No habiéndoseme pedido nada, debo reconocer que soy lento a la respuesta. Siempre he pensado el verano como esa estación de la posibilidad en la que todo parece permitido. No es que el cielo baje sus exigencias, sino que es el cielo mismo el que baja a la tierra. Las altas temperaturas, las piernas bronceadas y el afán por escapar de Madrid forman parte de un plan, tejido en la invisibilidad del calor, por el que mi lentitud para la respuesta se ve exacerbada.

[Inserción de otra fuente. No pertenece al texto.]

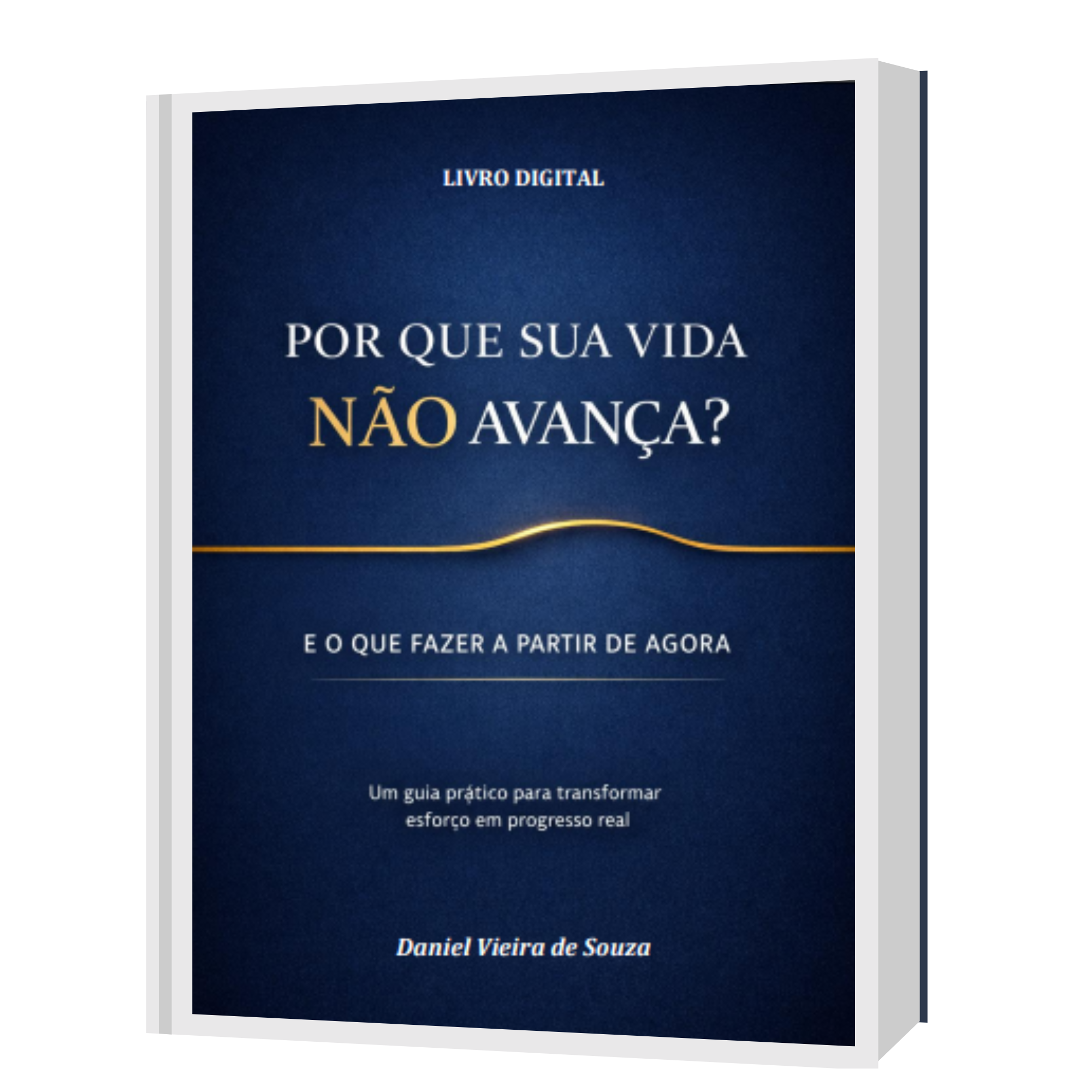 Por que sua vida não avança?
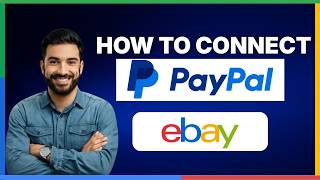 How to connect PayPal to eBay [FULL GUIDE]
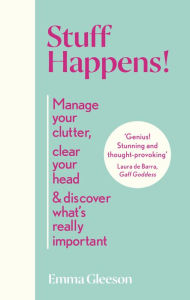 Title: Stuff Happens!: Manage your clutter, clear your head & discover what's really important, Author: Emma Gleeson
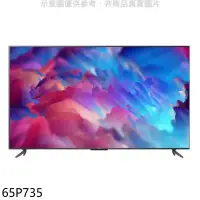 在飛比找環球Online優惠-TCL【65P735】65吋4K連網電視(含標準安裝)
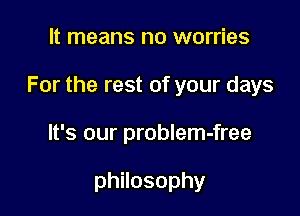 It means no worries

For the rest of your days

It's our problem-free

philosophy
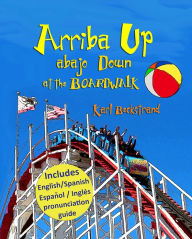 Title: Arriba Up, Abajo Down at the Boardwalk, Author: Karl Beckstrand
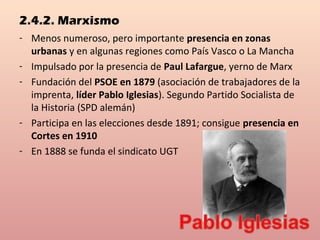 2.4.2. Marxismo
- Menos numeroso, pero importante presencia en zonas
urbanas y en algunas regiones como País Vasco o La Mancha
- Impulsado por la presencia de Paul Lafargue, yerno de Marx
- Fundación del PSOE en 1879 (asociación de trabajadores de la
imprenta, líder Pablo Iglesias). Segundo Partido Socialista de
la Historia (SPD alemán)
- Participa en las elecciones desde 1891; consigue presencia en
Cortes en 1910
- En 1888 se funda el sindicato UGT
 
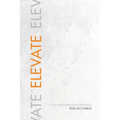 Elevate - Paperback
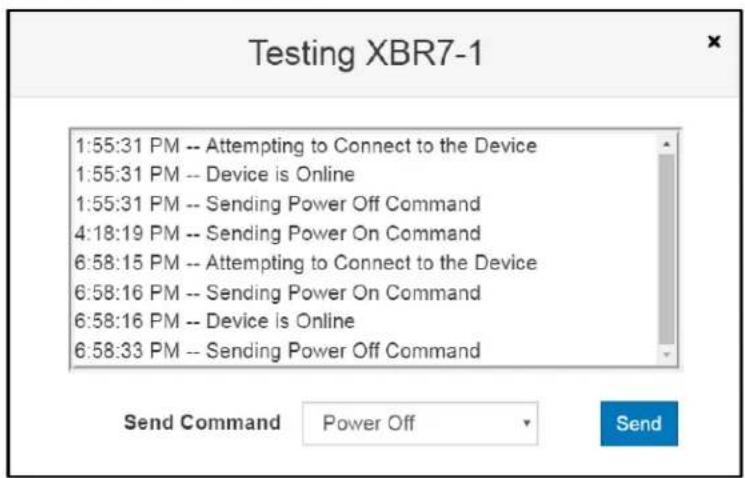 Testing XBR7-1 1:55:31 PM -- Attempting to Connect to the Device 1:55:31 PM -- Device is Online 1:55:31 PM -- Sending Power Off Command 4:18:19 PM -- Sending Power On Command 6:58:15 PM -- Attempting to Connect to the Device 6:58:16 PM -- Sending Power On Command 6:58:16 PM -- Device is Online 6:58:33 PM -- Sending Power Off Command Send Command Power Off Send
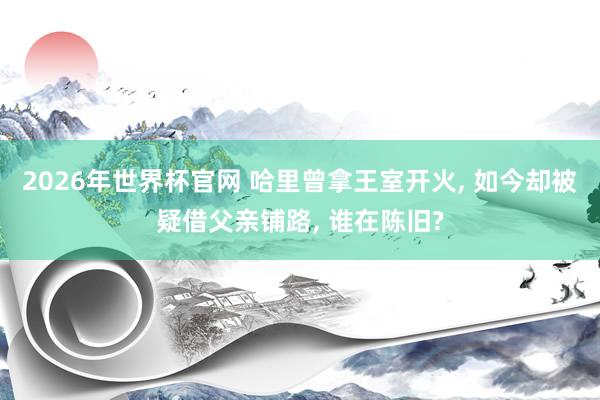 2026年世界杯官网 哈里曾拿王室开火， 如今却被疑借父亲铺路， 谁在陈旧?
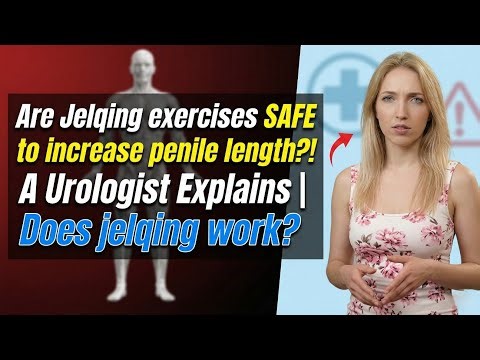 Are Jelqing exercises SAFE to increase penile length! | A Urologist Explains Does jelqing work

Estos días me he visto respondiendo wasaps atrasados de hace un par de semanas, correos electrónicos huérfanos de su respuesta y demás llamadas, notificaciones y molestias del estilo. Y he llegado a faltar a mi compromiso —qué palabra— en este y otros buenos sitios por estar —qué argumento— en verano. Quizás parezca mundano pero puedo prometer y prometo que es entrar de lleno en esta estación, acaso la favorita de Vivaldi, y dejar de lado todo lo demás.
Quería expresar mis disculpas pero poca reflexión me ha bastado para comprender que toda clase de enfado respecto a esta lentitud es, con absoluta probabilidad, una muestra de envidia. Yo mismo me he visto iracundo cuando algún buen amigo, presto para tomar cervezas pero pausado para enviar tal documento pendiente, ha faltado a su obligación en verano. Pero me repito en mi cabeza que es verano y se me pasa porque el cielo está bajando y qué triste sería perderse el misterio mirando perfiles de LinkedIn.
Cuántas veces nosotros, supuestos defensores de la supremacía de cualquier sobremesa, nos envalentonamos ante la enmienda al móvil. Cuántas veces nos parece terrible desparecer dos semanas de unas obligaciones que no son tal para satisfacer a unos señores que tampoco son tal. El clima tiene sus ciclos porque Dios lo ha pensado así y nada debería alegrarnos más que saber que en lo Alto dispusieron de unos meses calurosos para los que el descanso es dogma. Yo me acuso de esta culpa.